By Rupert Wingfield Hayes
BBC Beijing correspondent

China's opposition to a US-led war against Iraq has been strong and consistent.

But China, a permanent member of the Un Security Council, is unlikely to use its veto to block any UN resolution supporting military action in Iraq.

US President George Bush and Chinese President Jiang Zemin, October 2001
China wants to make sure its concerns are heard
China knows that if US President George Bush fails to get a tough second resolution on Iraq from the UN, then he is quite prepared to go it alone - and that is the one thing China wants most to avoid.

China does not want to see a unilateral US war with no international supervision or controls.

"Before there is war, China first wants all other avenues exhausted," one leading Chinese academic told the BBC.

'Unfinished business'

China has good reasons for wanting to avoid a new war. Beijing is yet to be convinced that Saddam Hussein represents a real and growing threat to US national security.

China advocates a political settlement of this issue within the UN framework. [We] hold the view that in the present situation, the UN inspection work should be allowed to continue
Zhang Qiyue
Foreign ministry spokeswoman
"My impression is that the desire for war is personal," said a Chinese professor who has recently returned from a year in the US.

"It's coming from [Vice-President] Cheney and [Secretary of Defence] Rumsfeld.

"For them its unfinished business, something left over from the last Gulf War."

China is also concerned about what may come after Saddam Hussein is removed.
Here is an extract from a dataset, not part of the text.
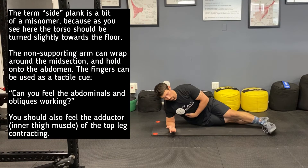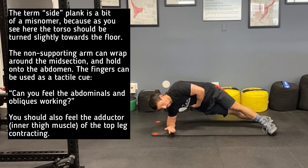Push the instep of the top foot and the outstep of the bottom foot into the floor to lift the hips up off the ground. Roll the ribcage and the hips slightly towards the floor upon lifting.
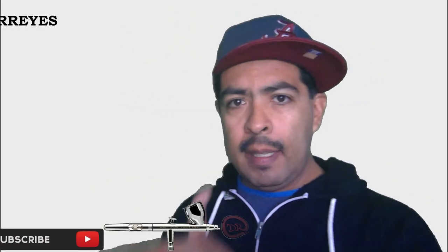Alright, thank you for staying to the very end. Make sure that you hit a like and subscribe right here.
"What are they going to put in his place?" said the professor "A puppet American regime? Will the Iraqi people support that? Look at the trouble they're already having in Afghanistan."

Recession fears

But perhaps the most important reason China does not want a new war is oil.
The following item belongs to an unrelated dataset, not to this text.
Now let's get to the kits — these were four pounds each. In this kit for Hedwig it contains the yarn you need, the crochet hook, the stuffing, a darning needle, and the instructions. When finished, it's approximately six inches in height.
A decade ago, when George Bush senior went to war with Saddam, China was a net exporter of oil. Today it is a net importer.

The volume of imports is growing rapidly and most of it is coming from the Middle East. It's feared that the war would send the price of oil on the international market soaring.
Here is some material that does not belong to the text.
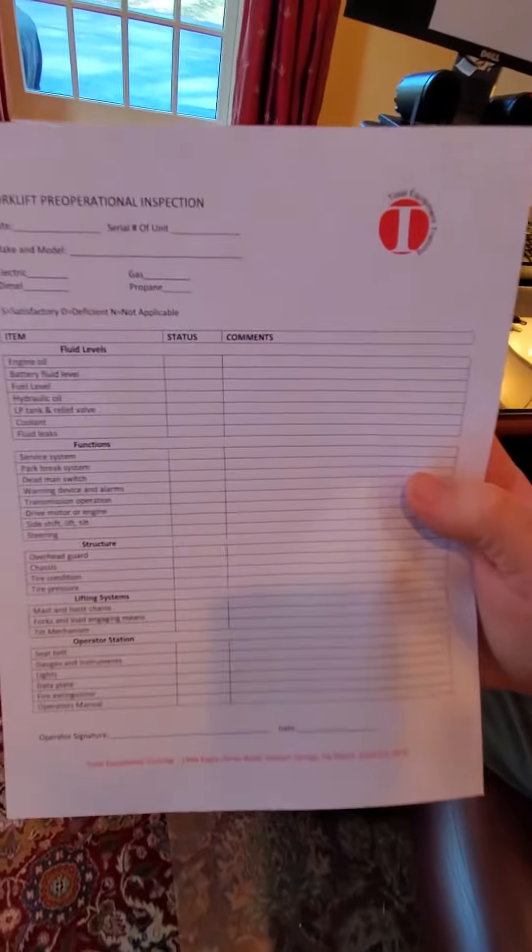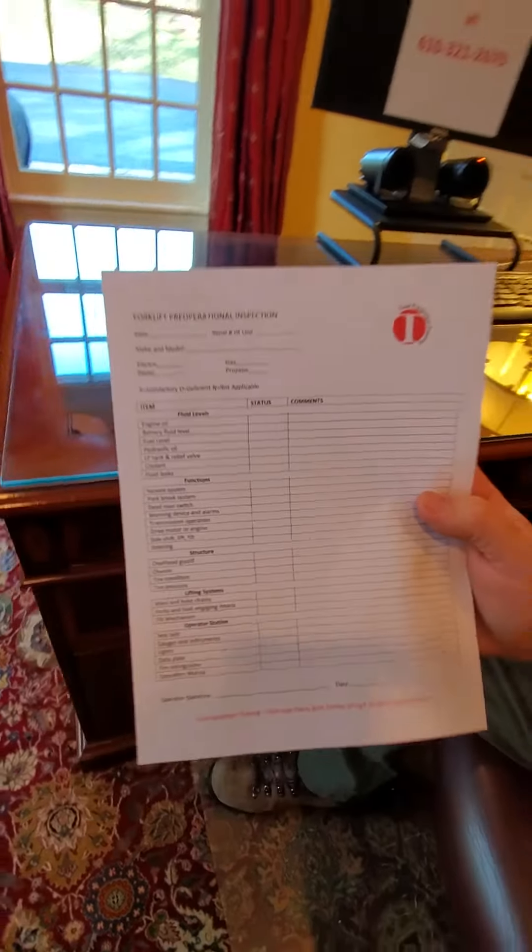Hi, I'm John with Total Equipment Training, and welcome to our tailgate talk. Today we're going to talk about forklift inspections and things to look out for before you operate that piece of machinery. When you are doing your daily operational checks, you will grab your check sheet — we have that available on our website totalequipmenttraining.com, and you can download it for free.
China's economy is still growing, but not nearly as fast as it was two or three years ago, and barely fast enough to create the millions of new jobs needed to maintain social and political stability.

The last thing China's Communist leaders need now is an oil shock that could send the economy spinning into recession. Add to that the potential effect of an oil shock on the US economy, already teetering on the brink of recession.

The United States is China's biggest and most important trading partner. A sharp downturn in the US economy would be a further blow to the Chinese one.

The importance China now places on the Middle East was demonstrated last month when Beijing appointed its first ever special envoy to the region.

China may not yet be in the big league when it comes to Middle East affairs, but it is determined to have its voice heard, and its concerns taken seriously.